We then strip the pruning wrappers, save the final pruned model, compile it and evaluate its performance.

In [None]:
# Strip the pruning wrappers and save the final pruned model
final_model = tfmot.sparsity.keras.strip_pruning(pruned_model)

final_model.compile(
    optimizer='adam',
    loss=keras.losses.SparseCategoricalCrossentropy(from_logits=True),
    metrics=['accuracy']
)

# Now you can proceed with evaluation
pruned_accuracy = final_model.evaluate(test_images, test_labels, verbose=0)[1]

print(f"Pruned model accuracy: {pruned_accuracy * 100:.2f}%")
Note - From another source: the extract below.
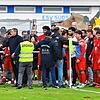 Rudelbildung nach dem Abpfiff: Einige Spieler des TSV Singen und des Freiburger FC gerieten nach der Partie aneinander.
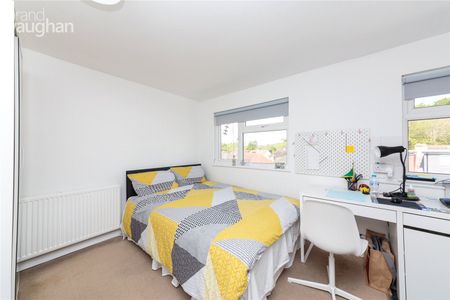 5 bedroom semi-detached house to rent - Photo 2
Pruned model accuracy: 98.13%


We can see that the model's accuracy remains almost the same. Now, let's see how the size of the model changes.

In [None]:
# Save the original model (if you haven't pruned it yet)
model.save('original_model.h5')

# Save the pruned model (after stripping the pruning wrappers)
final_model.save('pruned_model.h5')

import os
original_size = os.path.getsize('original_model.h5')
pruned_size = os.path.getsize('pruned_model.h5')

print(f"Original model size: {original_size / 1024:.2f} KB")
print(f"Pruned model size: {pruned_size / 1024:.2f} KB")
print(f"Size reduction: {(1 - pruned_size / original_size) * 100:.2f}%")

Original model size: 265.97 KB
Pruned model size: 98.03 KB
Size reduction: 63.14%


We can see that the size reduces by around 65% without any significant loss in accuracy.